Is Amazon Evil Because It Wants to Charge You *Less* for E-Books?
Folks interested in the publishing industry know that Amazon, the world's largest online bookstore, has been in a pissing contest with Hachette, one of the planet's largest publishing houses, over e-book sales. The details have long been murky but all of the reporting suggested that Amazon wanted e-book prices to be lower than Hachette and other major publishers did. In fact, Hachette and four other major publishers recently settled a case in which they colluded with Apple to hike the price of e-books. (Disclosure: the founder of Amazon, Jeff Bezos, has been a supporter of Reason Foundation, the nonprofit that publishes Reason.com)

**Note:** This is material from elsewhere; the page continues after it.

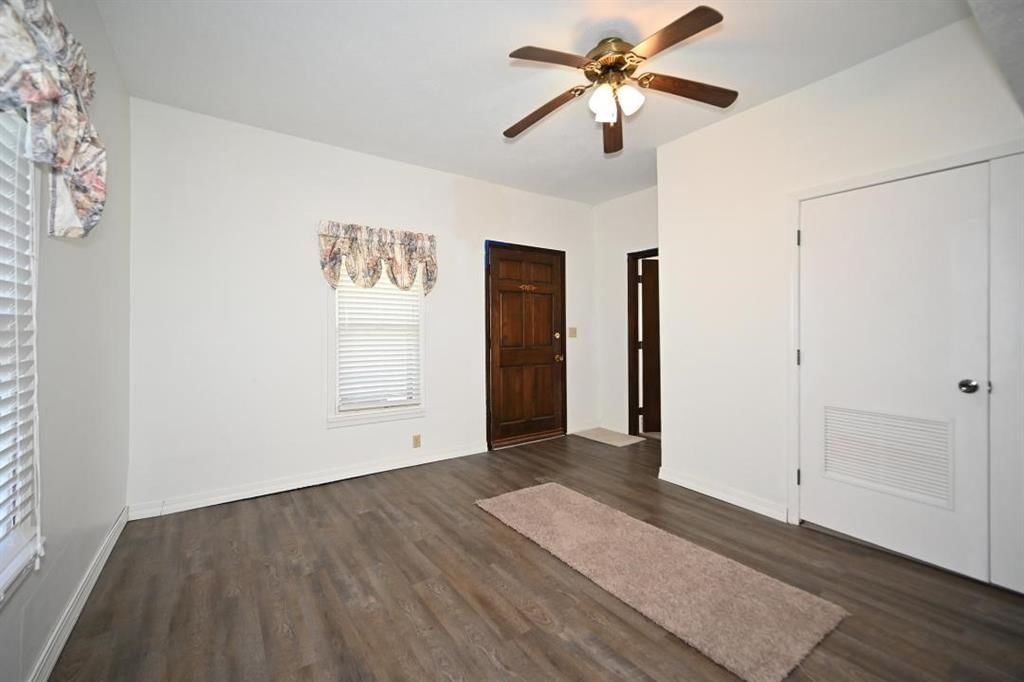401 N Platte Avenue — photo 25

While negotiating new rates, Amazon slowed down its fulfillment of new Hachette titles (the house's labels include Grand Central, Little Brown, and Hyperion) and stopped discounting them too. That tactic earned Amazon the scorn of the literati, which likened the site to Russian autocrat Vladimir Putin and worse. Best-selling authors such as Malcolm Gladwell and James Patterson were livid at Amazon and their concerns were widely voiced by members of the elite media at places such as The New York Times. I wrote a few months ago that I thought it was really weird to see people go off on a business that was trying to keep prices low for customers. To my mind, Amazon wasn't the "bully." The big publishers and their authors were.
Now Amazon has issued a statement about the matter that lays out some numbers. It's pretty interesting reading and clarifying, too:
…e-books are highly price-elastic. This means that when the price goes up, customers buy much less. We've quantified the price elasticity of e-books from repeated measurements across many titles. For every copy an e-book would sell at $14.99, it would sell 1.74 copies if priced at $9.99. So, for example, if customers would buy 100,000 copies of a particular e-book at $14.99, then customers would buy 174,000 copies of that same e-book at $9.99. Total revenue at $14.99 would be $1,499,000. Total revenue at $9.99 is $1,738,000.
The important thing to note here is that at the lower price, total revenue increases 16%. This is good for all the parties involved:
* The customer is paying 33% less.
* The author is getting a royalty check 16% larger and being read by an audience that's 74% larger. And that 74% increase in copies sold makes it much more likely that the title will make it onto the national bestseller lists. (Any author who's trying to get on one of the national bestseller lists should insist to their publisher that their e-book be priced at $9.99 or lower.)
* Likewise, the higher total revenue generated at $9.99 is also good for the publisher and the retailer. At $9.99, even though the customer is paying less, the total pie is bigger and there is more to share amongst the parties….
That's a pretty interesting position, I think. And there's this:
How does Amazon propose to share that revenue pie? We believe 35% should go to the author, 35% to the publisher and 30% to Amazon. Is 30% reasonable? Yes. In fact, the 30% share of total revenue is what Hachette forced us to take in 2010 when they illegally colluded with their competitors to raise e-book prices. We had no problem with the 30%—we did have a big problem with the price increases.
Is it Amazon's position that all e-books should be $9.99 or less? No, we accept that there will be legitimate reasons for a small number of specialized titles to be above $9.99.
One more note on our proposal for how the total revenue should be shared. While we believe 35% should go to the author and 35% to Hachette, the way this would actually work is that we would send 70% of the total revenue to Hachette, and they would decide how much to share with the author. We believe Hachette is sharing too small a portion with the author today, but ultimately that is not our call.